Abstract:
The modern drama production by Friedrich Schiller tells the story of a young man, Karl von Moor, who is forced, due to intrigues from his brother, Franz, to turn his back on his family and start his career as the head of a gang of robbers. As he thinks his father disowned him, he neglects to live a socially conformed life. By leaving, his brother Franz manipulates not only their father but also Amalia, Karl’s fiancé, and Karl is about to lose all of them.
Details:
Franz and his father, whom five women in white dresses play, are the last members of the family von Moor in the castle. Since his son Karl is studying in another city, the father has aged due to his preoccupation with the life of Karl. Franz, who desires his father’s love, which was never given to him, wants his father to disown his son Karl. Karl ought to be the better and more intelligent brother and be loved by everyone. To disgrace his brother, Franz invents a story about his brother’s abandoned lifestyle, which includes debts over 40.000 Ducats and the myth that Karl impregnated the daughter of a wealthy banker. Franz manipulates the father to curse his son and disinherit him due to the behaviour invented by Franz. “Swim who can swim, and whoever is too plump, let him sink, “mentions Franz while celebrating his first step to being the only heir of his family.

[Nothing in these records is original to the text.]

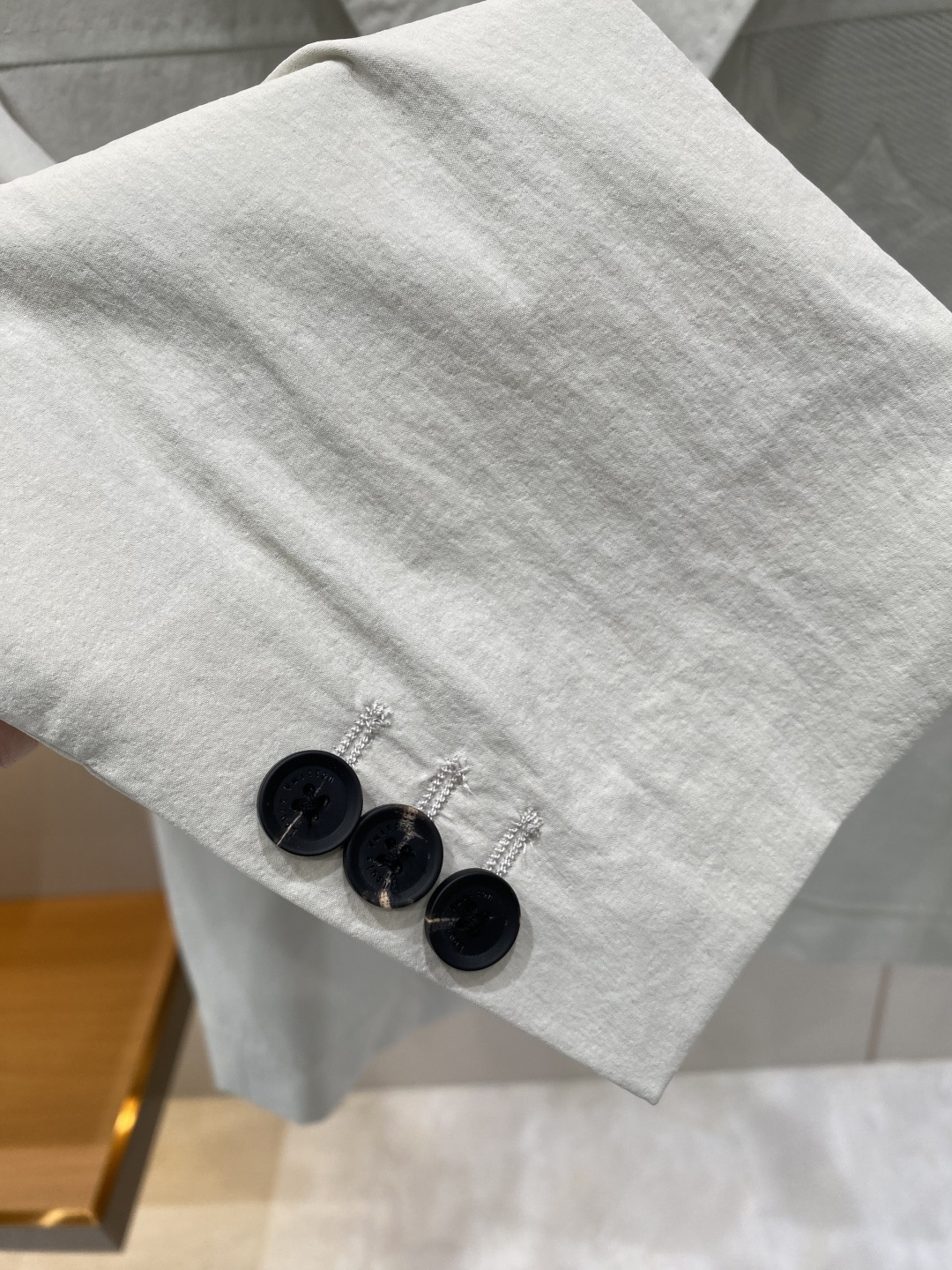 《𝙉𝙚𝙬🖤❤️驴家》26SS经典净色暗扣两粒西装西服，精致点缀，做工极其精湛，走线细密匀称，无多余线头，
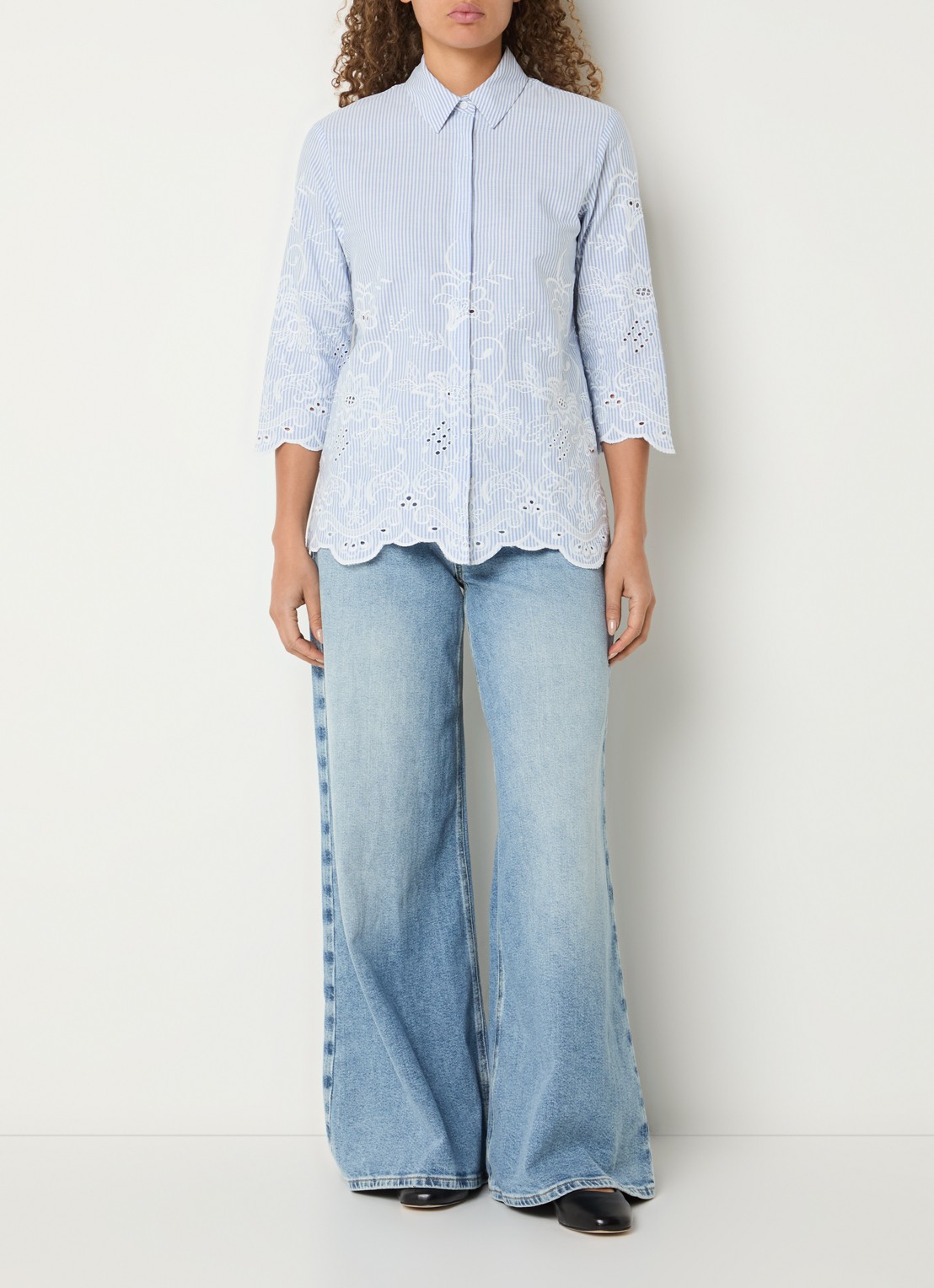 BRAX March high waist wide leg jeans met steekzakken - voorkant 5 lichtblauw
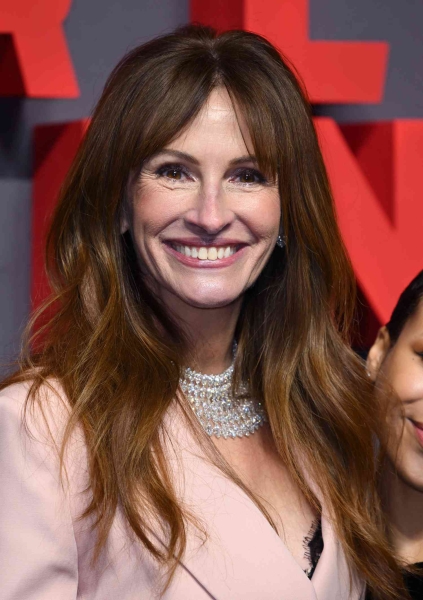 Julia Roberts Just Went Bright Blonde For Summer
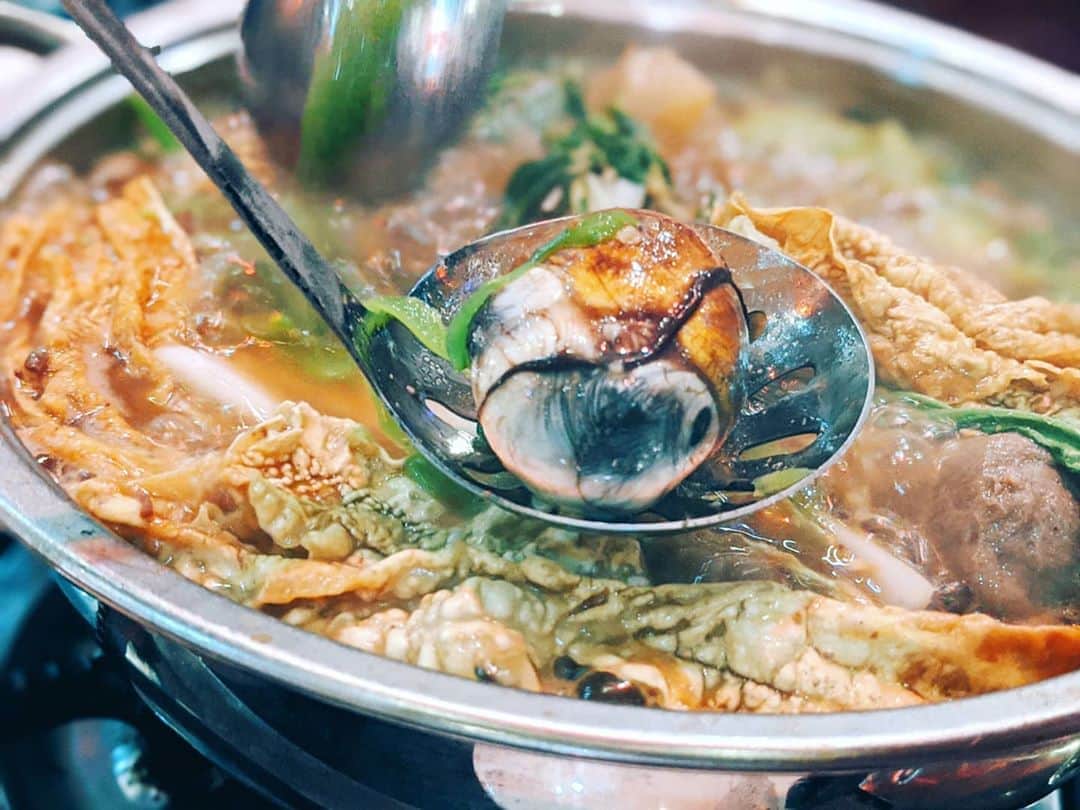 芳美リンさんのインスタグラム写真 - (芳美リンInstagram)「カンボジア料理🇰🇭﻿ ﻿ 行くまで、あまりイメージなくて、﻿ ベトナムっぽいって話を口コミで聞いていたのですが、それともまた違うお味。﻿ （ベトナム料理店は別として。）﻿ ﻿ 日本では味わえない独特のメニューに大満足♥﻿ ﻿ 辛さは後から足すスタイルが多かったので、辛いの苦手な方でも安心できますよ！﻿ ﻿ この日はちょっと変わった、孵化したての卵？﻿ を食べました。﻿ ベトナムのホピロンも好きなので余裕です。﻿ 美味しいー！﻿ ﻿ 卵とろとろの牛肉。﻿ 日本ならレアでいただきますが、﻿ ここはよく火を通して。﻿ ﻿ ガイドさんがレクチャーしてくれたので、﻿ 失敗なし★﻿ ﻿ ﻿ ﻿ ﻿ ﻿ #FAMTrip﻿﻿ #Cambodia﻿﻿ #ASEANJAPANCENTERFAMTRIPDelegete﻿﻿﻿ #モンドルキリ#クメール料理﻿ #Cambodia﻿﻿ #カンボジア#カンボジア旅行#東南アジア﻿﻿ #旅したくなるフォト#旅好きな人と繋がりたい#海外旅行#東南アジア#旅行 #travelstagram #旅人 #lynn_trip #旅 #travelme #travel #trip #traveler ﻿」3月15日 19時37分 - lynn.lynn5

While at a party, a letter is given to Karl. It is from Franz, who tells him never to come back to his father’s house because he will not find forgiveness. Karl is depressed and expresses his grief because he never loved someone like his father. After this shock, Karl abandons society’s conform path of life and finds a gang of robbers to form his world and lead another life. He wants a “social revolution” with human rights that support the necessities of the people. Karl believes that everything in the world he formerly belonged to is an illusion.
While Karl is recovering from his father’s rejection, his fiancé Amalia mourns the loss of her beloved Karl. Franz wants to make her his wife, but he is rejected whenever he tries to come closer to her. Not only Amalia’s rejection but also the still-alive father holds Franz back “from the richness.” He creates the lie that Amalia loved Hermann but was “stolen” from him by Karl. By telling Hermann this lie, Karl now has a partner in crime to develop and elaborate his intrigues. Hermann and Franz create the story of Karl’s heroic death on the battlefield. Hermann was the last person he talked to. While entering the father’s house, Hermann finds the fiancé Amalia beside the sad father, who is preoccupied with cursing his son. Both are shocked by the “news” from Hermann and as he shows a portrait of Franz that Karl is said to have had with him when he died, “Franz, never abandon my Amalia,” says a letter given to the family by Hermann. Due to the depression of the death of his son, the father dies, and Franz tries to take power over Amalia. As she still refuses to be his wife, Franz abuses Amalia sexually and wants to be her “master.”
While his beloved family thinks he has died, Karl is still the master of the robbers. They are not only robbing monasteries and abusing the nuns. Moreover, the gang goes on developing more cruel commitments. The “pursuit of happiness” causes this act, which often only serves the robbers themselves. Meanwhile, Hermann wants to tell the truth about everything that happened and talks to Amalia, who first thinks that the fact that Karl is alive might be a lie. “The lie of Franz has become a truth; Karl is the head of a gang of robbers,” expresses Hermann.
After hearing of his brother’s intrigue, Karl returns to his father’s house. Disappointed by Amalia, who has been made Franz’s wife, and angry at his “stupid” brother, Karl admits to himself that his father’s house and his own life are in ruins. The play ends with Karl’s wish “not to go on creating the world,” as nature would have forgotten people. “There is no more nature. We are changing, and we are losing our freshness.”